◆ **Dataset entries**
════

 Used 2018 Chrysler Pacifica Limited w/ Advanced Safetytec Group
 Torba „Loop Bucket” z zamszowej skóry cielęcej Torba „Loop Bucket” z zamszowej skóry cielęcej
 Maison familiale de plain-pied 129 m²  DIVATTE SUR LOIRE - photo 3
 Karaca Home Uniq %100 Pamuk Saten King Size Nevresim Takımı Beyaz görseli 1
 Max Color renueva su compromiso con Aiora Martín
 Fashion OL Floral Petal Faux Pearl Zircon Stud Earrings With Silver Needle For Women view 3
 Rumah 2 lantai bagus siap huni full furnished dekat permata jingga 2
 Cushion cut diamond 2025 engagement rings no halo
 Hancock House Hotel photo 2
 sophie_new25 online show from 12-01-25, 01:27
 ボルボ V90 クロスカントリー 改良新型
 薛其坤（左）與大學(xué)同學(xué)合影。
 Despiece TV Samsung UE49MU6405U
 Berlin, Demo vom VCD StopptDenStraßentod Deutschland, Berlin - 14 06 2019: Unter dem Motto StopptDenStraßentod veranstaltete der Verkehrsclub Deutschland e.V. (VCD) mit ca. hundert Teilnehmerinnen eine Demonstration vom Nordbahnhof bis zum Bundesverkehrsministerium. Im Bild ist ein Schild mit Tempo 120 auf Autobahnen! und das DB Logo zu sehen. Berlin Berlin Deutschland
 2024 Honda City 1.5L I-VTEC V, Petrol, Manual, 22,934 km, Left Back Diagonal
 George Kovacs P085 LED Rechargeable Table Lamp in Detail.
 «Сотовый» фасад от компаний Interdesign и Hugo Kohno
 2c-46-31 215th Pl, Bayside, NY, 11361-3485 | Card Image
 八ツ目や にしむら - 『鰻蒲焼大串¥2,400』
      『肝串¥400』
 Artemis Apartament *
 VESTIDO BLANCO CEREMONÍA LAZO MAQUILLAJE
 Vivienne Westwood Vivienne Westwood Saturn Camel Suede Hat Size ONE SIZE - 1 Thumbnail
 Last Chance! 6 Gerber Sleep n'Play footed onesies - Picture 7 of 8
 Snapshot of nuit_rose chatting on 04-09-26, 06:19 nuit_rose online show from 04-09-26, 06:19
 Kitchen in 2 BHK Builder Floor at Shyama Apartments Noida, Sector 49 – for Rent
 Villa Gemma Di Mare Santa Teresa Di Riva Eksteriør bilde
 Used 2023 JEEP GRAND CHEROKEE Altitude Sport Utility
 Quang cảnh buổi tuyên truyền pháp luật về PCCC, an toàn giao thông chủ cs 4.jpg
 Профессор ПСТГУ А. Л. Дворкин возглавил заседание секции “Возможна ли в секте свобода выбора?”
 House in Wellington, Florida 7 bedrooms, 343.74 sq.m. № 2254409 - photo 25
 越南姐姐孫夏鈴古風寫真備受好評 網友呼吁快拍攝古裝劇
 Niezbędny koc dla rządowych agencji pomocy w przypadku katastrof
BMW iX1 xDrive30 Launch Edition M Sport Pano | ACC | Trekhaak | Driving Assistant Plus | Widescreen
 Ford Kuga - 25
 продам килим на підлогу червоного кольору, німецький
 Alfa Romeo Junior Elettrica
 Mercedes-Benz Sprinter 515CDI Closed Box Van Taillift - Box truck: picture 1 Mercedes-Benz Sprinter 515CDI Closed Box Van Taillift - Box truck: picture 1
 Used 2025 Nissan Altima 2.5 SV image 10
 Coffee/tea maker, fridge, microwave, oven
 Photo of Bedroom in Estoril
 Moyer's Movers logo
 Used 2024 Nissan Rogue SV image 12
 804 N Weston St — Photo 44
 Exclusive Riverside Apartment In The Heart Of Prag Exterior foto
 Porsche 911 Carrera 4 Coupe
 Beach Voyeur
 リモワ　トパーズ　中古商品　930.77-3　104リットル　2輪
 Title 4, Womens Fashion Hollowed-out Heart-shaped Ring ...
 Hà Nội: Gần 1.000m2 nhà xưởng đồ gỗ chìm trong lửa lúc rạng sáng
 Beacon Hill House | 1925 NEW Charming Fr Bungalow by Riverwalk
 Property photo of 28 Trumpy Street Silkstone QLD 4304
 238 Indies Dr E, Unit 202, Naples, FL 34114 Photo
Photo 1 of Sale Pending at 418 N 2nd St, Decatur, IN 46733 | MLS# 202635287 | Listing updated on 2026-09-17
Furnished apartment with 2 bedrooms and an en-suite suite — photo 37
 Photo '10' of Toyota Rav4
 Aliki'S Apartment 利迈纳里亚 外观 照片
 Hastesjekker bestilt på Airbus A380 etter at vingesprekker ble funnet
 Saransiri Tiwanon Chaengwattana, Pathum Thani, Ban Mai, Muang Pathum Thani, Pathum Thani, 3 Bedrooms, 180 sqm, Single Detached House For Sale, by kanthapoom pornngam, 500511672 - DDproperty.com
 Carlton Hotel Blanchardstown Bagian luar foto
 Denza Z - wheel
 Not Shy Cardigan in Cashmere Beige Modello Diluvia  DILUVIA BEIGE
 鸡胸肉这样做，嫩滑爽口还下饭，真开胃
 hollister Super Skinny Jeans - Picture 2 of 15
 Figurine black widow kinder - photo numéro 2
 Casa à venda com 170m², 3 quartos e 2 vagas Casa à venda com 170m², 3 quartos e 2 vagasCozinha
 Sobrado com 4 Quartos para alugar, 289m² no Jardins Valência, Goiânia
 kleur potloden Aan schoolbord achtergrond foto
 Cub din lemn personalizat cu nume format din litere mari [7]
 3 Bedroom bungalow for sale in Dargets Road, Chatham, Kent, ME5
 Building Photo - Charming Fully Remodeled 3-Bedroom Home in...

════

Lines before the one containing "Furnished apartment with" are left out. Repeat that line and all lines after it in the records above exactly.

◆ **SOLVED EXERCISE**
Furnished apartment with 2 bedrooms and an en-suite suite — photo 37
 Photo '10' of Toyota Rav4
 Aliki'S Apartment 利迈纳里亚 外观 照片
 Hastesjekker bestilt på Airbus A380 etter at vingesprekker ble funnet
 Saransiri Tiwanon Chaengwattana, Pathum Thani, Ban Mai, Muang Pathum Thani, Pathum Thani, 3 Bedrooms, 180 sqm, Single Detached House For Sale, by kanthapoom pornngam, 500511672 - DDproperty.com
 Carlton Hotel Blanchardstown Bagian luar foto
 Denza Z - wheel
 Not Shy Cardigan in Cashmere Beige Modello Diluvia  DILUVIA BEIGE
 鸡胸肉这样做，嫩滑爽口还下饭，真开胃
 hollister Super Skinny Jeans - Picture 2 of 15
 Figurine black widow kinder - photo numéro 2
 Casa à venda com 170m², 3 quartos e 2 vagas Casa à venda com 170m², 3 quartos e 2 vagasCozinha
 Sobrado com 4 Quartos para alugar, 289m² no Jardins Valência, Goiânia
 kleur potloden Aan schoolbord achtergrond foto
 Cub din lemn personalizat cu nume format din litere mari [7]
 3 Bedroom bungalow for sale in Dargets Road, Chatham, Kent, ME5
 Building Photo - Charming Fully Remodeled 3-Bedroom Home in...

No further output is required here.